Aquella misma noche Mateo Colón empacó todas sus cosas. No había razón para esperar, no ya la censura definitiva para su obra -que era un hecho-, sino tampoco para suponer que su antiguo inquisidor no habría de ejecutar la sentencia que había quedado en suspenso. Sabía del odio visceral que Caraffa le prodigaba.
Sin embargo, no todo estaba perdido. Reflexionó serenamente y se resolvió de inmediato. Todavía le quedaba su anhelado refugio en Venecia. No había olvidado cuál era la causa de su vida. Y nada en el mundo podía impedir que, por fin, Mona Sofía le entregara definitivamente su corazón. Ahora sí, el anatomista tenía la llave que abría las puertas de la voluntad de la mujer que quisiera para sí. Y aquella mujer era su Mona Sofía.
Además era ahora un hombre rico, dueño de una fortuna que difícilmente pudiera gastar en el resto de su vida. Después de todo, no sería tan difícil huir de las garras de Caraffa. En dos minutos decidió el resto de su existencia: ahora mismo partiría hacia Venecia, iría al bordello dil Fauno Rosso , pagaría los diez ducados que le permitirían hacerse del amor de Mona Sofía y de Venecia partiría con ella hacia el otro lado del Mediterráneo, o, si era necesario, a las nuevas tierras situadas del otro lado del mundo, más allá del Atlántico.
Entonces, perdidamente enamorada del anatomista, Mona Sofía se convertiría en la más leal de las mujeres y, por cierto, en la más fiel esposa.
Aquella misma noche empacó algunas ropas y todo el dinero que había ganado en su estancia en el Vaticano.

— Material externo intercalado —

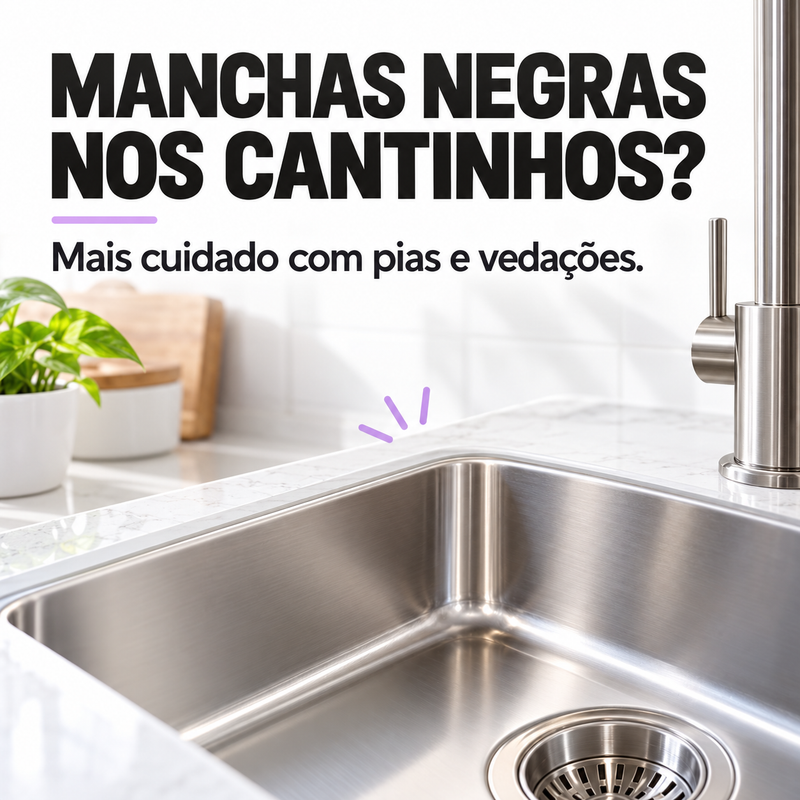 Borda de silicone da pia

Se echó la foggia sobre la frente y, caminando contra la multitud, como un criminal, se abrió paso hasta perderse en la callejuelas de Roma.
A sus espaldas, el Vaticano era una fiesta.
La velocidad con que se habían precipitado los acontecimientos desde el día en que se inició el proceso, su impensable ascenso a la diestra del trono de Paulo III, hasta su meteórico descenso y huida del cardenal Caraffa, la rapidez de los sucesos había hecho que Mateo Colón olvidara por completo la carta que, desde su cautiverio en el claustro de la Universidad, hiciera enviar a Inés de Torremolinos. En rigor, se diría que había olvidado por completo la existencia de su antigua mecenas. Pensaba en Mona Sofía como un destino ineluctable; habría de llegar el día -que finalmente y, antes de lo pensado, llegó- en que tuviera que abandonar el Vaticano y entonces viajaría a Venecia, al bordello de la calle Bocciari, cerca de la Santa Trinidad, a encontrarse, por fin, con su predestinación. No pensaba en ese momento con ansiedad, sino con aquella irreflexiva conciencia con que se carga la certidumbre de la muerte que nos permite vivir sin una angustia permanente. En su estancia en el Vaticano, sin embargo, no había recordado una sola vez la remota existencia de Inés de Torremolinos.
El hecho es que la fatalidad quiso que aquella carta, gracias a los oficios de messere Vittorio, llegara a Florencia.
Una madrugada de abril del año 1558, un mensajero llamaba a las puertas de la modesta casa lindera a la abadía. Desde el día en que Mateo Colón había partido de Florencia, Inés no había vuelto a tener noticias del anatomista. Desde aquel día no pensaba en otra cosa más que en Mateo Colón, y nada había en el universo que no se lo recordara. Tantas veces, ante la llegada de un mensajero, había tenido la equivocada certeza de que habría de recibir noticias de Mateo Colón, que para evitar más desilusiones, se había propuesto no contemplar aquella posibilidad. Ni siquiera había querido mirar la rúbrica que asomaba desde el lacre que sellaba la cinta del rollo. Caminó hasta la pequeña scriptoria cercana al hogar donde ardían los leños. Más allá, las niñas cantaban y correteaban. Sólo cuando hubo terminado de acomodarse en el pupitre, se atrevió a mirar la rúbrica. El corazón le dio un vuelco. Intentando mantener la calma o, cuanto menos, aparentarla, ordenó dulcemente a las niñas que fueran a jugar a su alcoba. Antes de quitar la cinta del rollo, apretó la carta contra su pecho y elevó una plegaria.